Different Sampling Methods: What’s the Difference: Overview
You’ll come across many terms in statistics that define different sampling methods: simple random sampling, systematic sampling, stratified samples and cluster samples. You can find a run down on the different types of sampling techniques here. It can be overwhelming to learn all these new terms and to try and remember what each one of the different sampling methods means. Luckily, their names give away their meaning and (unlike many things in statistics!), it’s a straightforward process to figure out what kind of sample you have.
Different Sampling Methods: What’s the Difference: Steps
Step 1: Find out if the study sampled from individuals (for example, picked from a pool of people). You’ll find random sampling in a school lottery, where individual names are picked out of a hat. But a more “systematic” way of choosing people can be found in “systematic sampling,” where every nth individual is chosen from a population. For example, every 100th customer at a certain store might receive a “doorbuster” gift.

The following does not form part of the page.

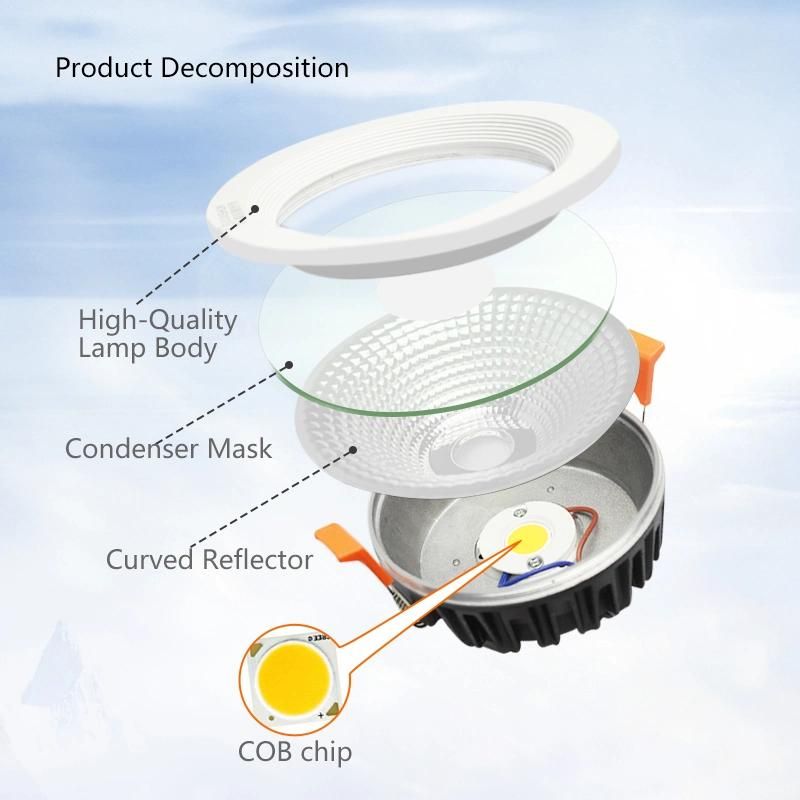 Chinese Factory Super Hot Sale LED Spotlight 5W-30W Indoor Spot Recessed COB Downlight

Step 2: Find out if the study picked groups of participants. For large numbers of people (like the number of potential draftees in the Vietnam war), it’s much simpler to pick people by groups (simple random sampling). In the case of the draft, draftees were chosen by birth date, “simplifying” the procedure.
Step 3: Determine if your study contained data from more than one carefully defined group (“strata” or “cluster”). Some examples of strata could be: Democrats and Republics, Renters and Homeowners, Country Folk vs. City Dwellers, Jacksonville Jaguars fans and San Francisco 49ers fans. If there are two very distinct, clear groups, you have a stratified sample or a “cluster sample.” If you have data about the individuals in the groups, that’s a stratified sample. In order to perform stratified sampling on this sample, you could perform random sampling of each strata independently. If you only have data about the groups themselves (you may only know the location of the individuals), then that’s a cluster sample.
Step 4: Find out if the sample was easy to get. Convenience samples are like convenience stores: why go out of your way to get samples, when you can nip out to the corner store? A classic example of convenience sampling is standing at a shopping mall, asking passers by for their opinion.